Data for analysis ▸
- - - -
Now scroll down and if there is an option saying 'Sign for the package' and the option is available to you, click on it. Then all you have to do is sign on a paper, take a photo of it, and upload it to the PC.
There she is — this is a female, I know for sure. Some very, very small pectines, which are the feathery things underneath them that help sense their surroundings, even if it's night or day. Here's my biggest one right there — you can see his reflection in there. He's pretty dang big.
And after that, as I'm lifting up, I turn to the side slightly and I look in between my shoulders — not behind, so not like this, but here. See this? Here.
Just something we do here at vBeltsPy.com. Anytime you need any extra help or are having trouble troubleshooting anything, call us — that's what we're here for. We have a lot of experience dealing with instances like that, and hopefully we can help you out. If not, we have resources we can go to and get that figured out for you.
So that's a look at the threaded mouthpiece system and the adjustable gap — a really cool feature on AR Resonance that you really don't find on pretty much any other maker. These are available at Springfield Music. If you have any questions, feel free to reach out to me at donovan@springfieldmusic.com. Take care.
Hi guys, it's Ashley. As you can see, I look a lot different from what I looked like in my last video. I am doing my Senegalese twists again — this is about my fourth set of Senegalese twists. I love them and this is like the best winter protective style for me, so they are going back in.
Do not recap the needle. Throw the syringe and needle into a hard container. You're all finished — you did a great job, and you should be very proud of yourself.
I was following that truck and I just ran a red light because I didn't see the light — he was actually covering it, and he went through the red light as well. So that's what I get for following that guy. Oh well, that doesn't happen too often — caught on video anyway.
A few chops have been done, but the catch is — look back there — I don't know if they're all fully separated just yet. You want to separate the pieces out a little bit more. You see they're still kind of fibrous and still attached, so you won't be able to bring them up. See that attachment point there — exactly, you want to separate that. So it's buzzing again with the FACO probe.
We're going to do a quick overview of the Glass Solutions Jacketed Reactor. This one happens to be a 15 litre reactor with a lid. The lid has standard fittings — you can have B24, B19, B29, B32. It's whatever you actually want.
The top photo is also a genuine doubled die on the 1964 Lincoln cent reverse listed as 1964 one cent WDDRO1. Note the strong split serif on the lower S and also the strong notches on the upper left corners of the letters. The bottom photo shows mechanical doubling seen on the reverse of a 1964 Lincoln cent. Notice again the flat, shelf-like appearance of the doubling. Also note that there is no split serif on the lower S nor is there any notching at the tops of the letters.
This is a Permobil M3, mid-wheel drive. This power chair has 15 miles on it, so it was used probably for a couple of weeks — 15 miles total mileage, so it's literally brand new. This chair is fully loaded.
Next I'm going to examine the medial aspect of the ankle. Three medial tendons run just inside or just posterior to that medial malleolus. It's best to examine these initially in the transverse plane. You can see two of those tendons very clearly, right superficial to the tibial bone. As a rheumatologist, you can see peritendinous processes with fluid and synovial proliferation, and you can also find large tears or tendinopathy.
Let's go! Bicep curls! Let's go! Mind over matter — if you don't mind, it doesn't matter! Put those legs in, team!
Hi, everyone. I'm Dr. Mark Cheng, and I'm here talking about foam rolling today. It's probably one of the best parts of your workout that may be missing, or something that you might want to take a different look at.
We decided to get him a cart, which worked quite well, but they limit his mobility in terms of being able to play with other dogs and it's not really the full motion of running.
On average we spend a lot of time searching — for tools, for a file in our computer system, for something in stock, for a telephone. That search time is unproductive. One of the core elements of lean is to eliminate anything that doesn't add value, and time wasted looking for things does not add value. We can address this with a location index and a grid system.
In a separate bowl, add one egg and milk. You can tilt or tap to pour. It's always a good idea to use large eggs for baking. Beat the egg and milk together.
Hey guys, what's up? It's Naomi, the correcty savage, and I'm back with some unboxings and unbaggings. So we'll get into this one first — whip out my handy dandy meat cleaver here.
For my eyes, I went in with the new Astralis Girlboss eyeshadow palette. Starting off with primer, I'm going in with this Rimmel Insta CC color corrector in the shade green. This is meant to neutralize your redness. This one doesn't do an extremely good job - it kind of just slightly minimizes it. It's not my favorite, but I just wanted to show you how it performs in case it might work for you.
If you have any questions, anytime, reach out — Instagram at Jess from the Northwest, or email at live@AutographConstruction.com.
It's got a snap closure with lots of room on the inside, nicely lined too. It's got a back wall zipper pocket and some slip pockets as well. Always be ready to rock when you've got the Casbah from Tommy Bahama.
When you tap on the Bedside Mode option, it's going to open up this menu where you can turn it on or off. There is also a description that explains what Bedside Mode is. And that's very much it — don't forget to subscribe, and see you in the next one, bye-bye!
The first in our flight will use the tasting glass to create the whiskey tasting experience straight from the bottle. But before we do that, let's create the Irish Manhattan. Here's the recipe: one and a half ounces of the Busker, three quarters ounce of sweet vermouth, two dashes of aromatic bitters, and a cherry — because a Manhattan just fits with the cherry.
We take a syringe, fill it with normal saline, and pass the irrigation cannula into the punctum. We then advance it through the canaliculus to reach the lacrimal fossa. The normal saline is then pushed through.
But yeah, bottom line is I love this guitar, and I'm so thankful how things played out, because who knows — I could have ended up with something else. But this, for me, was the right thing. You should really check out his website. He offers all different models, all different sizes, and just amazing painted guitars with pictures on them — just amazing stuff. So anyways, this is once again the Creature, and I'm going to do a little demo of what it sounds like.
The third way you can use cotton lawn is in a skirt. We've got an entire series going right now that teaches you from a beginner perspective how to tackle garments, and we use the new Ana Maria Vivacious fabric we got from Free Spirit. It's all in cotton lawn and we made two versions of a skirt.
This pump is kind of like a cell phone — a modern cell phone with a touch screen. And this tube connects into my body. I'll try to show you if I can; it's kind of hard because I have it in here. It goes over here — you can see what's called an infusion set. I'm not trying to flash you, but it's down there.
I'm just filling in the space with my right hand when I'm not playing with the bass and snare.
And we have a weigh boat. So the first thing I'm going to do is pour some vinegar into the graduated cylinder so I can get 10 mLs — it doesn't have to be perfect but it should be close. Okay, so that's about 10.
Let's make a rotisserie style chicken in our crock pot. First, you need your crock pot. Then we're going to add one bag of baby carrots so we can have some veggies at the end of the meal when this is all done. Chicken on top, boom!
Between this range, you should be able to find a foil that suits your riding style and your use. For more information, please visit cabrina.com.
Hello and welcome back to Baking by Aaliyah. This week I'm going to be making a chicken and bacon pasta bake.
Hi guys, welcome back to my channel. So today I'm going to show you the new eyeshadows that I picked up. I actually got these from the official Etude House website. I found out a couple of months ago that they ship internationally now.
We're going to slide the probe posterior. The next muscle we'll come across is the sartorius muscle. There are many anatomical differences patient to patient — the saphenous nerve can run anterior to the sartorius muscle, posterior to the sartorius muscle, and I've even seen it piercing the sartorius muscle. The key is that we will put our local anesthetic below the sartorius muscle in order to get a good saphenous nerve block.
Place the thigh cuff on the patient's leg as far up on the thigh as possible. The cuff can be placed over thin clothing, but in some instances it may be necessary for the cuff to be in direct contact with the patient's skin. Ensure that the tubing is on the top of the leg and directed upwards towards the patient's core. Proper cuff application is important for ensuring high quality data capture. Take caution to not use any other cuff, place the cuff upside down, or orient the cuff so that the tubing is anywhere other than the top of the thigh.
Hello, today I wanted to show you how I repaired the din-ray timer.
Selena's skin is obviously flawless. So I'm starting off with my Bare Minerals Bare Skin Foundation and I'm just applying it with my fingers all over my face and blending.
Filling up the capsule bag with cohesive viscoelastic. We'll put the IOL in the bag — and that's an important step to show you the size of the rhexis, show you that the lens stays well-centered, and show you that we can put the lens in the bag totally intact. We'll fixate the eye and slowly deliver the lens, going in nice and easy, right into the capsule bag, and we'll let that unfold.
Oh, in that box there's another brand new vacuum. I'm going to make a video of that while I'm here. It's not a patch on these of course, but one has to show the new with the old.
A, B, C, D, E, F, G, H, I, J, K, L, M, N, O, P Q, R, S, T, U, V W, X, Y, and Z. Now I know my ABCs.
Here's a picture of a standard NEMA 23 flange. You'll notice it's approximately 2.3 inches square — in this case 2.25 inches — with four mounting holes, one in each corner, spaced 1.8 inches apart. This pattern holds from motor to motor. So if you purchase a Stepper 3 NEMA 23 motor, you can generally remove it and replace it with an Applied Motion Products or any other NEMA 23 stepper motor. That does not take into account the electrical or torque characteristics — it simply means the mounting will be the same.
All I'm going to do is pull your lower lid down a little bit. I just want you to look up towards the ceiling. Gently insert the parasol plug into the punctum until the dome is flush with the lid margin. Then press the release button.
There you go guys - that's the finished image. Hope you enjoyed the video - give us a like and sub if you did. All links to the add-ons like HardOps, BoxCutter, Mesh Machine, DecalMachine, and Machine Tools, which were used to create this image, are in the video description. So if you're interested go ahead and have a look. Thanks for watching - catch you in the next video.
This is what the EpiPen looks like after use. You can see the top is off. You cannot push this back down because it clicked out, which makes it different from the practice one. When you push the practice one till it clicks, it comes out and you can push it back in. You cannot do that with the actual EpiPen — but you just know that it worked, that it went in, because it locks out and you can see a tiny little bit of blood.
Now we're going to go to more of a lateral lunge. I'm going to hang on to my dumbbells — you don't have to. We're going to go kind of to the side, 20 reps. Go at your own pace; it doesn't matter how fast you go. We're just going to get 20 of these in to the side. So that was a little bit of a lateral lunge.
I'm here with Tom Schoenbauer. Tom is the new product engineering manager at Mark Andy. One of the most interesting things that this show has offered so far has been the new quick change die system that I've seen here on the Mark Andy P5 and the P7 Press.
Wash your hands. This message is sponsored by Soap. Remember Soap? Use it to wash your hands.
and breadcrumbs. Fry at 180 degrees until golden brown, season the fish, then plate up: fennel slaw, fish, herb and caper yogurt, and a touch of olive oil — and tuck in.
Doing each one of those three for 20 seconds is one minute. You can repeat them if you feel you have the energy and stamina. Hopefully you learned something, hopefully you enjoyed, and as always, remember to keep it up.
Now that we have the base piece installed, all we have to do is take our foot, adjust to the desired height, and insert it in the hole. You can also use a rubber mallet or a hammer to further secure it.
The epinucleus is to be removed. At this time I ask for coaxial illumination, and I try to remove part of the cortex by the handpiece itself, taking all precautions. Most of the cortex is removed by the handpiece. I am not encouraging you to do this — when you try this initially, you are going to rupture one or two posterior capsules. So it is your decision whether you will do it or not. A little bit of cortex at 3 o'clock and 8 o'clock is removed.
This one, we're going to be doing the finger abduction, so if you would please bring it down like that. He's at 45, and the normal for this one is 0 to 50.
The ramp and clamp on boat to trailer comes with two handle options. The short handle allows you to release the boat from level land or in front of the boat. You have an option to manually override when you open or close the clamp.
- - - -
How to complete this task ▸ Print only what lies in the material above starting at the line with "In a separate" and ending at the line with "It's got a snap", every line exactly as given.

Written reply ▸
In a separate bowl, add one egg and milk. You can tilt or tap to pour. It's always a good idea to use large eggs for baking. Beat the egg and milk together.
Hey guys, what's up? It's Naomi, the correcty savage, and I'm back with some unboxings and unbaggings. So we'll get into this one first — whip out my handy dandy meat cleaver here.
For my eyes, I went in with the new Astralis Girlboss eyeshadow palette. Starting off with primer, I'm going in with this Rimmel Insta CC color corrector in the shade green. This is meant to neutralize your redness. This one doesn't do an extremely good job - it kind of just slightly minimizes it. It's not my favorite, but I just wanted to show you how it performs in case it might work for you.
If you have any questions, anytime, reach out — Instagram at Jess from the Northwest, or email at live@AutographConstruction.com.
It's got a snap closure with lots of room on the inside, nicely lined too. It's got a back wall zipper pocket and some slip pockets as well. Always be ready to rock when you've got the Casbah from Tommy Bahama.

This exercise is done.